Task to complete: Give all of the data again exactly as written, omitting every image.

Stored data:
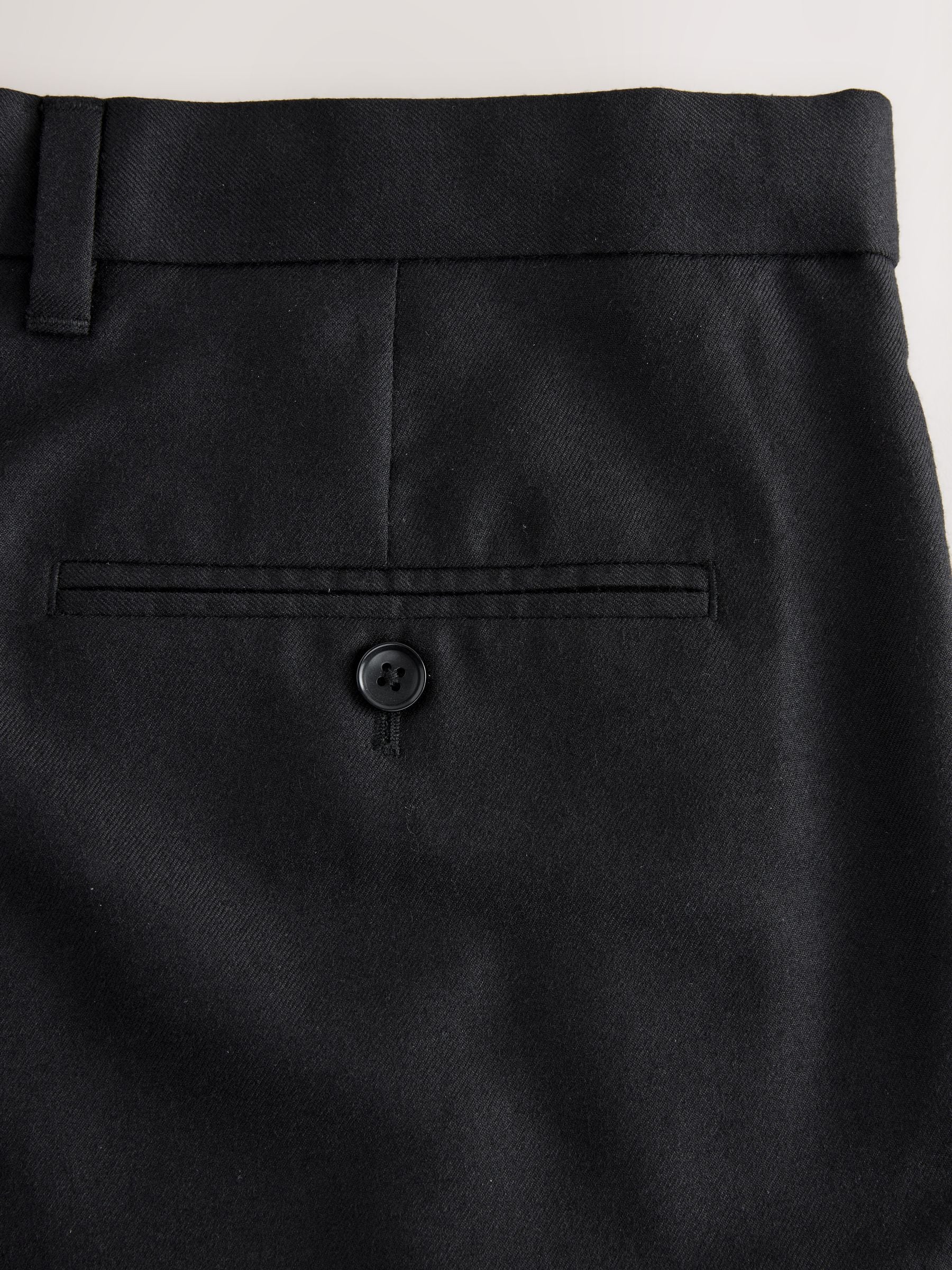 Zwart - Normale Pasvorm - Signature - 100% Wollen broek met Motion Flex-tailleband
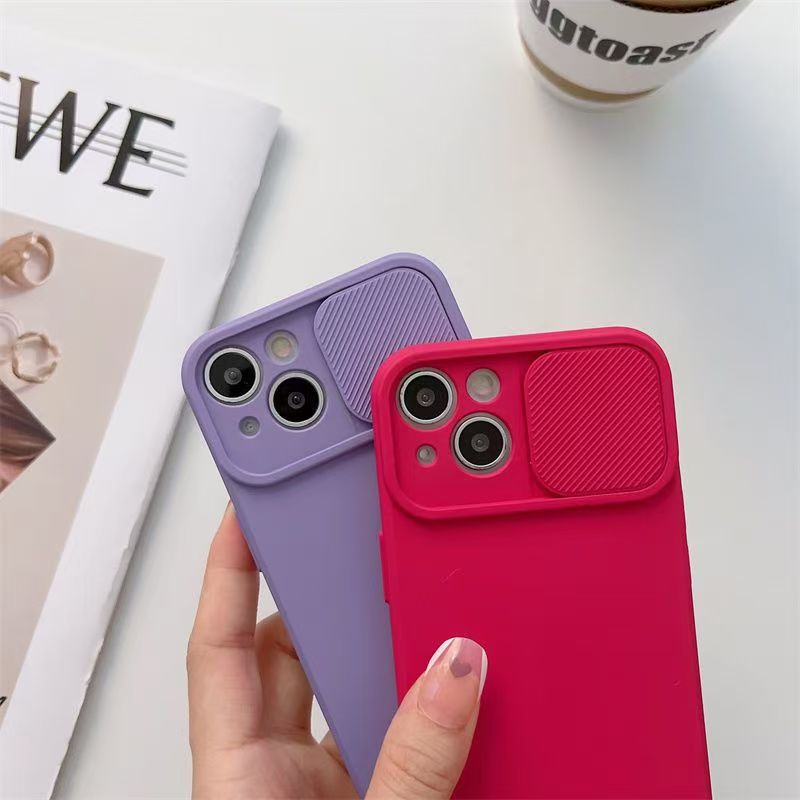 Sliding camera lens protection phone case for iPhone 11 12 13 14 15 Pro Max 14Plus, soft liquid silicone shock resistant protective cover
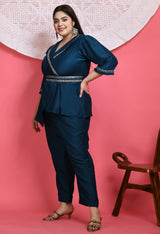 Plus Size Tempting Teal Lace Co-ord Set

Response for this exercise:
 Zwart - Normale Pasvorm - Signature - 100% Wollen broek met Motion Flex-tailleband
 Sliding camera lens protection phone case for iPhone 11 12 13 14 15 Pro Max 14Plus, soft liquid silicone shock resistant protective cover
 Plus Size Tempting Teal Lace Co-ord Set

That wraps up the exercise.